» GIVEN ENTRIES:

BEGIN

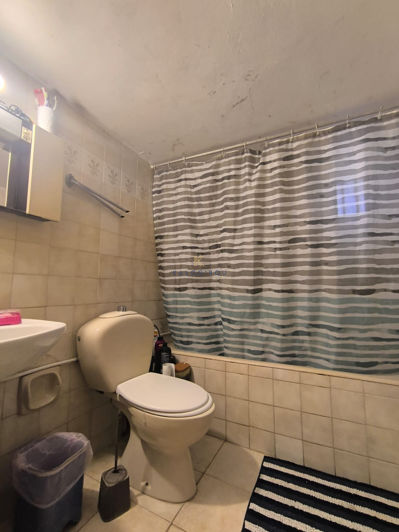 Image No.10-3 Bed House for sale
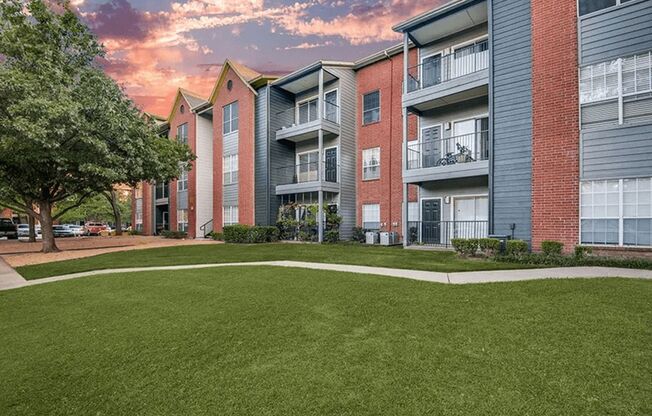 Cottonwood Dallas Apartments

END
BEGIN

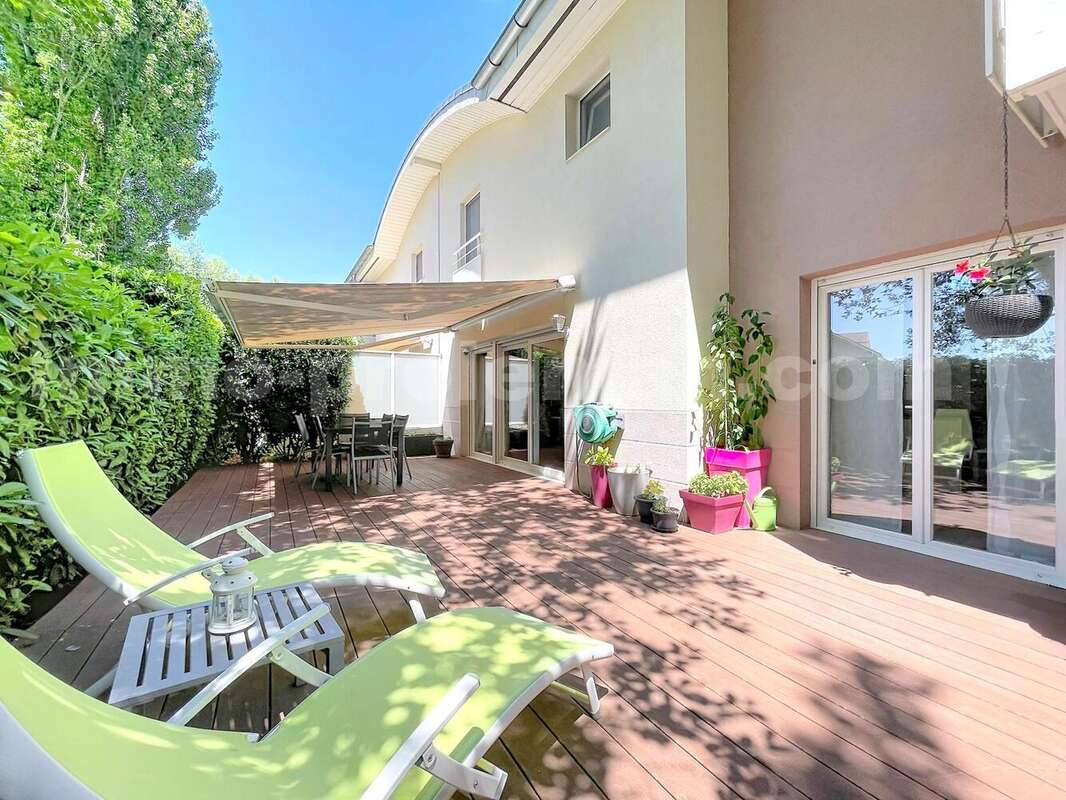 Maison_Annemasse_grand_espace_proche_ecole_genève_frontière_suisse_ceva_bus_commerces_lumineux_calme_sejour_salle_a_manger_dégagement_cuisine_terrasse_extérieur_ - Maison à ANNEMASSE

END
BEGIN

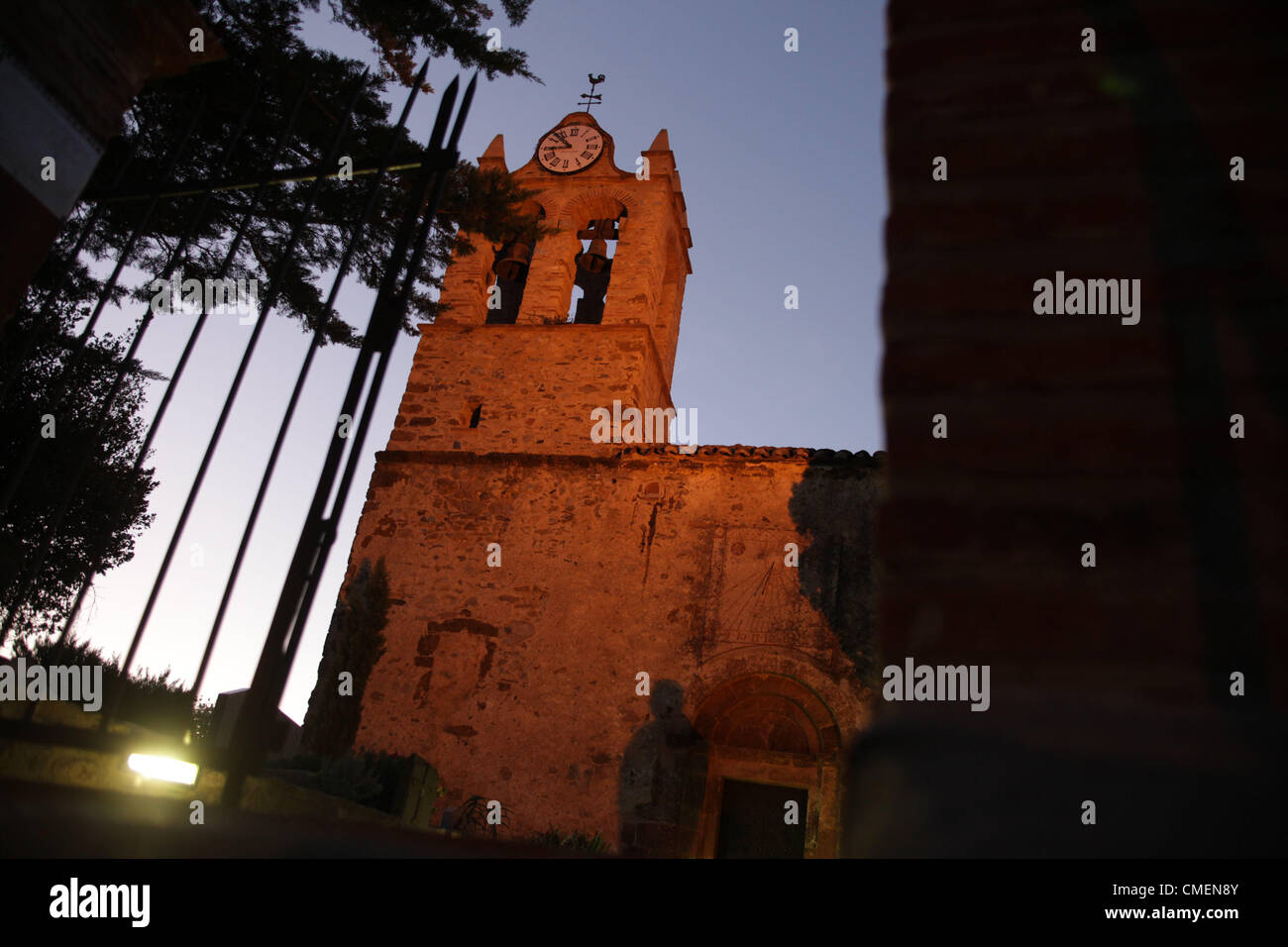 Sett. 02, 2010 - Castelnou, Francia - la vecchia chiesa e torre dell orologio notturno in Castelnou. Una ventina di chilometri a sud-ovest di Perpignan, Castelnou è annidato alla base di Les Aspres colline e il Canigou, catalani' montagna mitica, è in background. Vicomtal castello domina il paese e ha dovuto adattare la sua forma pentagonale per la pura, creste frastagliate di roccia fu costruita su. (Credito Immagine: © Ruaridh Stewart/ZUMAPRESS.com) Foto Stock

END

» TASK INSTRUCTIONS:
With the pictures omitted, copy exactly the lines of the listing above starting at the line containing "Image No.10-3 Bed House for sale" and ending at the line containing "Cottonwood Dallas Apartments", both included.

» OUTPUT FOR THIS EXERCISE:
 Image No.10-3 Bed House for sale
 Cottonwood Dallas Apartments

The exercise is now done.